TASK GOAL: Among the lines below, output only those between the line holding "New 2024 Vapor" and the line holding "Zentrum 10 Vh Dgr Apartament Flensburg", inclusive, exactly as written and with no pictures.

SOURCE INFORMATION:
#####

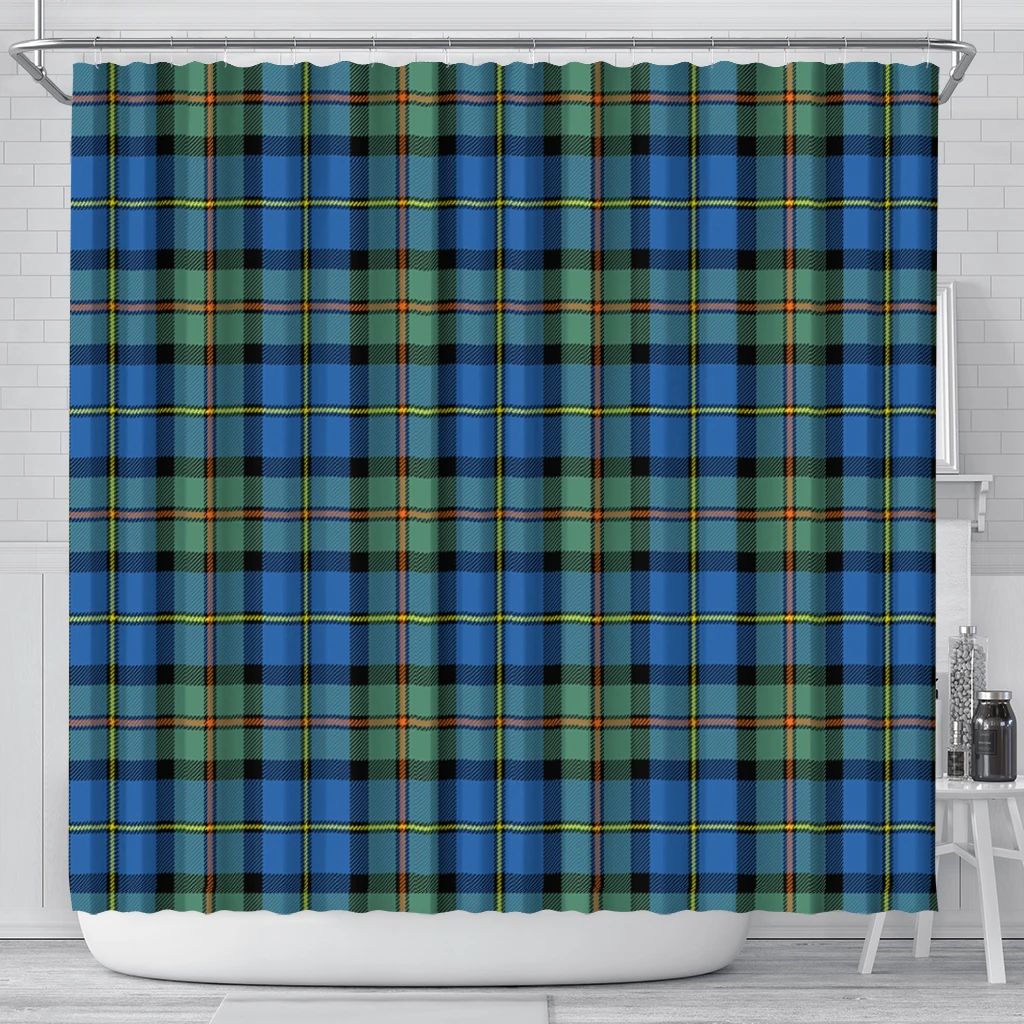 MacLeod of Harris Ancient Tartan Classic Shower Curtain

#####

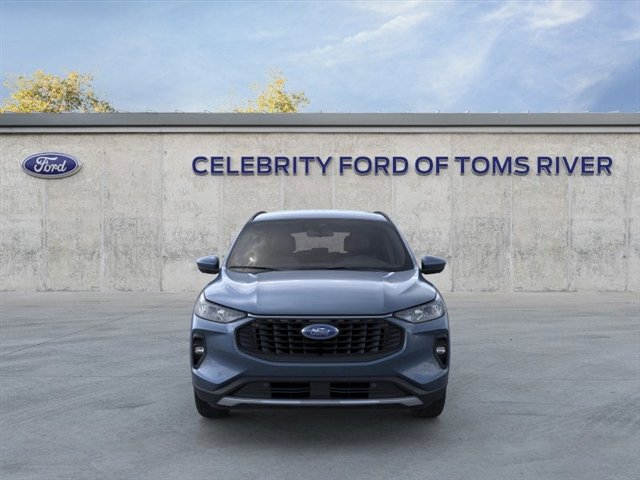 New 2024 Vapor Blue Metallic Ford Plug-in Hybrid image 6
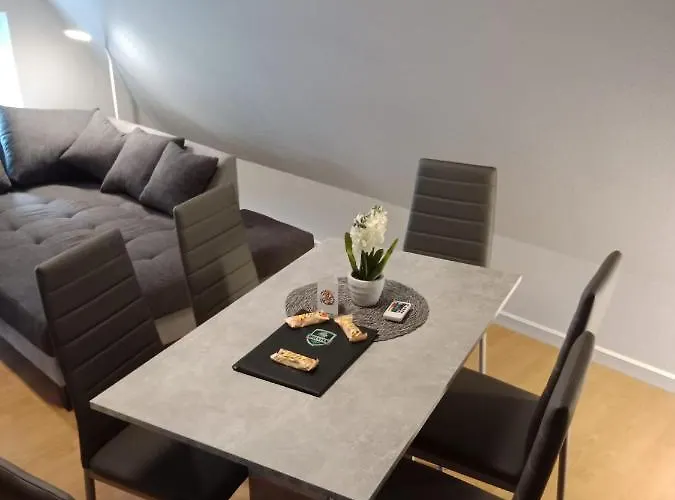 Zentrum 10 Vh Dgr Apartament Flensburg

#####

ANSWER SPACE:
 New 2024 Vapor Blue Metallic Ford Plug-in Hybrid image 6
 Zentrum 10 Vh Dgr Apartament Flensburg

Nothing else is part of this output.